And many people experience it just that way.
Two of the
great novels of our time deal with this idea of carrying unexploded bombs of
guilt. Both have been made into powerful movies. One of them is Saint Maybe,
by Anne Tyler, in which a young man, Ian Bedloe, indirectly causes the death of
his brother. During the dreadful journey of shame that follows, he happens upon
a worship service of the Church of the Second Chance. At one point, Ian says to
the pastor of that church, "Don't you think I'm forgiven?" And the pastor
responds, "Goodness, no, you can't just say 'I'm sorry, God'. Why, anyone
could do that much. You have to offer
reparation ... concrete, practical reparation." And the
rest of the book is about the way Ian tries to offer concrete reparation for the
death of his brother.
Then the
second novel is Atonement, by Ian McEwan, about a young girl named
Briony Tallis, who carelessly destroys the happiness of two people she loves.
And the purpose of her life, too, is to try to atone for this awful sin she
committed. It turns out the best she can do is to write a story where
everything turns out for the better, but even then she writes, "I was not
so self-serving as to let them forgive me." What she means, I think, is
that she could not forgive herself. The unexploded bomb of guilt is still
there, strong and dangerous.
I think
both of those books touch upon the very heart of our humanity, and one of our
biggest personal questions: what do I do with my shame over things I've done in
my life? How do I heal the hurts I've caused? There are many times in life when
we are called to forgive other people for things they've done to us. Those
times are often not easy. But as hard as that can be, many people would testify
that the hardest person in the world to forgive is yourself. Shame and guilt
are awful crosses to carry.
Oddly
enough, shame has its place. Philosopher Charles Taylor has written,
"Civilization is in a sense a matter of feeling shame in the appropriate
places." Without shame over some areas of life, we wouldn't be civilized.

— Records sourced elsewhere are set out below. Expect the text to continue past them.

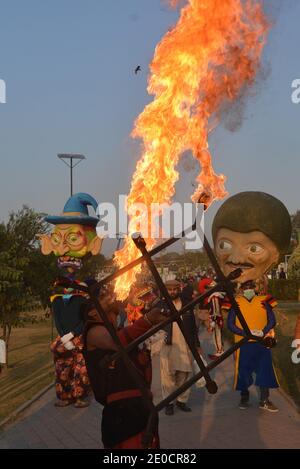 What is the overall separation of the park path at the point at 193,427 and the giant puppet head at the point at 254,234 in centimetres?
360

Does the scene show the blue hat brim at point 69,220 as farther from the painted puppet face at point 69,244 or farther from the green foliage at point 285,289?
the green foliage at point 285,289

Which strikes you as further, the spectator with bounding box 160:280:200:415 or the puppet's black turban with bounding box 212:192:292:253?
the puppet's black turban with bounding box 212:192:292:253

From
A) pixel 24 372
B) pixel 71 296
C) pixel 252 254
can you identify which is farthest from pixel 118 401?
pixel 24 372

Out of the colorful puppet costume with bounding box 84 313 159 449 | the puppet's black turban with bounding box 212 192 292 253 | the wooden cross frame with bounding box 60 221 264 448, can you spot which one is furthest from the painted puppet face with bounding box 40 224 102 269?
the wooden cross frame with bounding box 60 221 264 448

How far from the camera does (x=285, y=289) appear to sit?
104ft

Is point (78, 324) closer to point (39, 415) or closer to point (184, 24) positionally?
point (39, 415)

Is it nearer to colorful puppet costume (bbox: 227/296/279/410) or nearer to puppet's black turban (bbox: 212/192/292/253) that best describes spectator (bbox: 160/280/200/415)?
colorful puppet costume (bbox: 227/296/279/410)

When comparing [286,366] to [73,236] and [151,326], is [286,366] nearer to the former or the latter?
[73,236]

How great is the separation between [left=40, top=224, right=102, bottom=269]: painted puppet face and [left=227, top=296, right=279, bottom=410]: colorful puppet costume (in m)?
3.09

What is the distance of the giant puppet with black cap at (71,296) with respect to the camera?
29.0ft

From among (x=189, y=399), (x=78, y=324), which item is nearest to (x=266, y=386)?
(x=189, y=399)

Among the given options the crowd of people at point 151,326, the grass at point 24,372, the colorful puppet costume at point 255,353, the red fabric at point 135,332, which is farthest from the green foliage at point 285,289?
the red fabric at point 135,332

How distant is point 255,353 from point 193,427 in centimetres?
170

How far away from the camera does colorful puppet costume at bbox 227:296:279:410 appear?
820 centimetres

Dr. Joyce Brothers goes even farther. She says that there is good shame and bad
shame. This difference is at the heart of my sermon this morning. Good shame,
she says, gives you new insight about yourself; encourages you to make
improvements; expands your value system; makes you more sensitive to others;
and makes you want to elevate the culture around you.
But there
is also bad shame, and here are the results: bad shame attacks you as a person;
eats away at self-esteem; evokes an angry response; gets passed along to your
children; and leaves you feeling helpless. What I'd like to remind us of today
is that our faith has an answer for that helplessness.
Shame
appears early in the Bible; it is represented by Adam and Eve's nakedness.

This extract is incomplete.